*** Given information ***

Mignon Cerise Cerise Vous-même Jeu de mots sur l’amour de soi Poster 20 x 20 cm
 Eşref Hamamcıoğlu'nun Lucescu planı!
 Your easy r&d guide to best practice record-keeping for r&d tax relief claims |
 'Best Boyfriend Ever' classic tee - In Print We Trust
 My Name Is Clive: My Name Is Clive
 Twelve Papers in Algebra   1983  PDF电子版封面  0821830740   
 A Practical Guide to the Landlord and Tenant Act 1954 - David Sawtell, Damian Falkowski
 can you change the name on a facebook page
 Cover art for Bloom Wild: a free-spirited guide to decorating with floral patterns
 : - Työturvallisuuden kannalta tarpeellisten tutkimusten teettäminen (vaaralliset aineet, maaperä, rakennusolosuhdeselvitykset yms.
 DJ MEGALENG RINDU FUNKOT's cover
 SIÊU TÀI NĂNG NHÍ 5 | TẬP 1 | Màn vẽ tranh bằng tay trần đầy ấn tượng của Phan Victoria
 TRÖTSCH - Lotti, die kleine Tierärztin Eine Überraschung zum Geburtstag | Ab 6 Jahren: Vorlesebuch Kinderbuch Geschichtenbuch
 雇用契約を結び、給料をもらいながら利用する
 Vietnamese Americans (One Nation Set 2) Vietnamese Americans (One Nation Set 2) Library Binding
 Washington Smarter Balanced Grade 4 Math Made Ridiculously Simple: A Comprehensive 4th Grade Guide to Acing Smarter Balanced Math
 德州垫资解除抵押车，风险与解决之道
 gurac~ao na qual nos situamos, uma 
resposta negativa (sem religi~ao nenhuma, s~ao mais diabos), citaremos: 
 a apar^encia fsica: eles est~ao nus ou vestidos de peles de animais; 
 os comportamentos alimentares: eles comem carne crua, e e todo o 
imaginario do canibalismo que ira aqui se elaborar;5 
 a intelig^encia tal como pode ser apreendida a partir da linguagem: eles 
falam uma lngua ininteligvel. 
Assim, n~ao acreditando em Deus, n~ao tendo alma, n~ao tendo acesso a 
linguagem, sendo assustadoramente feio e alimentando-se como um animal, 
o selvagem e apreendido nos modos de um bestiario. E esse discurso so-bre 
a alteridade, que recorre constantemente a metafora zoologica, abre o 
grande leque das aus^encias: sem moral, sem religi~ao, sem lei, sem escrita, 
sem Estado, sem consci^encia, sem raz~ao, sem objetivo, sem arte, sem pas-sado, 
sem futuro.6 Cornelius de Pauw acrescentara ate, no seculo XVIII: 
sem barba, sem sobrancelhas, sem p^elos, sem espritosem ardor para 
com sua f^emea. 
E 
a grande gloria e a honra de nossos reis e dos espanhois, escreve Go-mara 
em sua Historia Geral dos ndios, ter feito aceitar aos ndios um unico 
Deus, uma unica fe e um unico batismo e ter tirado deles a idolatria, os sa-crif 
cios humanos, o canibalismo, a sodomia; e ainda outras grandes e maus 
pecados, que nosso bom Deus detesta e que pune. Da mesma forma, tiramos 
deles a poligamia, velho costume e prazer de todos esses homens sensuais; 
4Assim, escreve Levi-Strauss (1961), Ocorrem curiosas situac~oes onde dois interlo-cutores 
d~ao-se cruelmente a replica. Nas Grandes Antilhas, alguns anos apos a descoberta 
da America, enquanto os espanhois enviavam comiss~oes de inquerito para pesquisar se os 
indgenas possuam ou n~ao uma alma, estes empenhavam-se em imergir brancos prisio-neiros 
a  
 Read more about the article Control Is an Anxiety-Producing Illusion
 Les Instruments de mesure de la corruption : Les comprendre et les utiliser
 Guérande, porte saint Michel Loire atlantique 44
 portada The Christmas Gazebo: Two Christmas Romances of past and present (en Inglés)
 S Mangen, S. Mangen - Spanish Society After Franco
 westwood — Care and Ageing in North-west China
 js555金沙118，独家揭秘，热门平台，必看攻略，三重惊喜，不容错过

*** End of Given information ***

■ Task ■
Take the entries above and return only the lines from the one with "Twelve Papers in" to the one with "falam uma lngua ininteligvel.", both included, unchanged.

■ Answer area ■
 Twelve Papers in Algebra   1983  PDF电子版封面  0821830740   
 A Practical Guide to the Landlord and Tenant Act 1954 - David Sawtell, Damian Falkowski
 can you change the name on a facebook page
 Cover art for Bloom Wild: a free-spirited guide to decorating with floral patterns
 : - Työturvallisuuden kannalta tarpeellisten tutkimusten teettäminen (vaaralliset aineet, maaperä, rakennusolosuhdeselvitykset yms.
 DJ MEGALENG RINDU FUNKOT's cover
 SIÊU TÀI NĂNG NHÍ 5 | TẬP 1 | Màn vẽ tranh bằng tay trần đầy ấn tượng của Phan Victoria
 TRÖTSCH - Lotti, die kleine Tierärztin Eine Überraschung zum Geburtstag | Ab 6 Jahren: Vorlesebuch Kinderbuch Geschichtenbuch
 雇用契約を結び、給料をもらいながら利用する
 Vietnamese Americans (One Nation Set 2) Vietnamese Americans (One Nation Set 2) Library Binding
 Washington Smarter Balanced Grade 4 Math Made Ridiculously Simple: A Comprehensive 4th Grade Guide to Acing Smarter Balanced Math
 德州垫资解除抵押车，风险与解决之道
 gurac~ao na qual nos situamos, uma 
resposta negativa (sem religi~ao nenhuma, s~ao mais diabos), citaremos: 
 a apar^encia fsica: eles est~ao nus ou vestidos de peles de animais; 
 os comportamentos alimentares: eles comem carne crua, e e todo o 
imaginario do canibalismo que ira aqui se elaborar;5 
 a intelig^encia tal como pode ser apreendida a partir da linguagem: eles 
falam uma lngua ininteligvel. 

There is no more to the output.